→ Extracted records
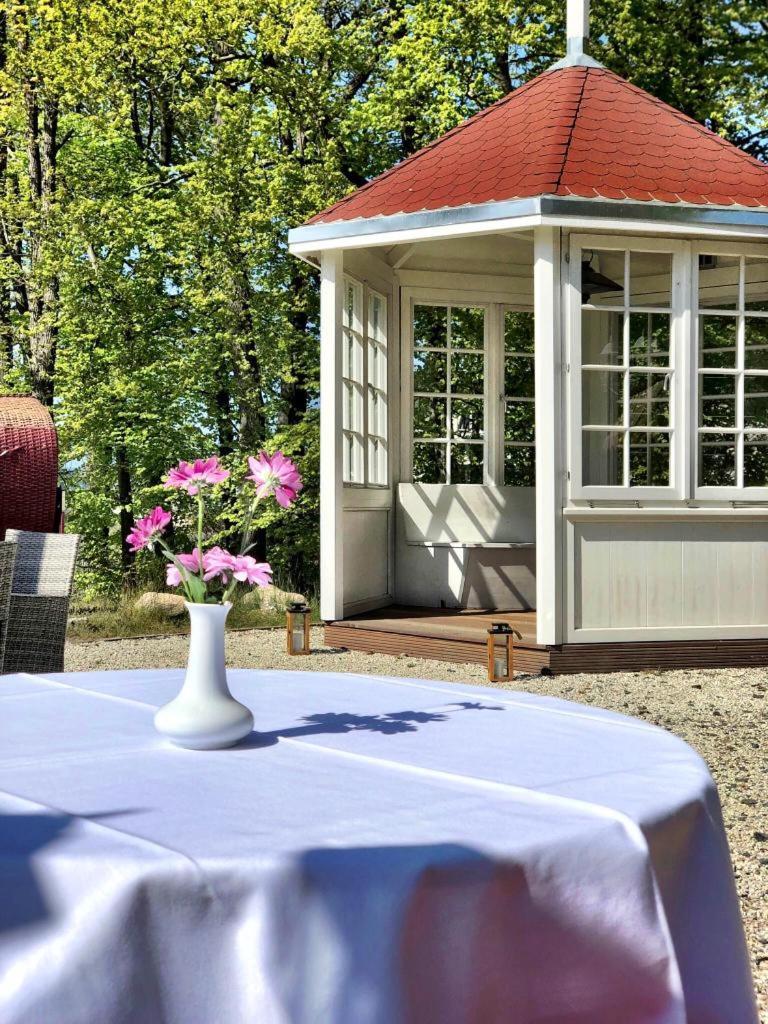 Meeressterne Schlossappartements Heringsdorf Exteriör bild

* * *

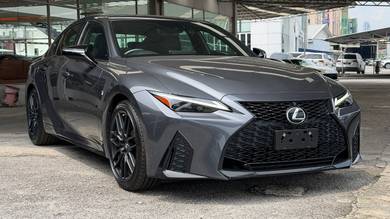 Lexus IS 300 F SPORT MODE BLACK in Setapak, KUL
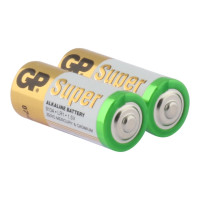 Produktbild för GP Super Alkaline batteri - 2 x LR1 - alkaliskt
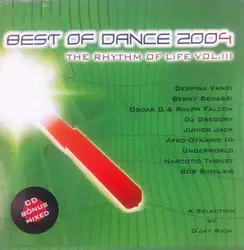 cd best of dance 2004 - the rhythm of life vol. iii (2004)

→ Exercise
Return the lines above from the one with "Produktbild för GP" through the one with "cd best of dance", verbatim and nothing else. Omit every picture.

→ Reply to the exercise
 Produktbild för GP Super Alkaline batteri - 2 x LR1 - alkaliskt
 cd best of dance 2004 - the rhythm of life vol. iii (2004)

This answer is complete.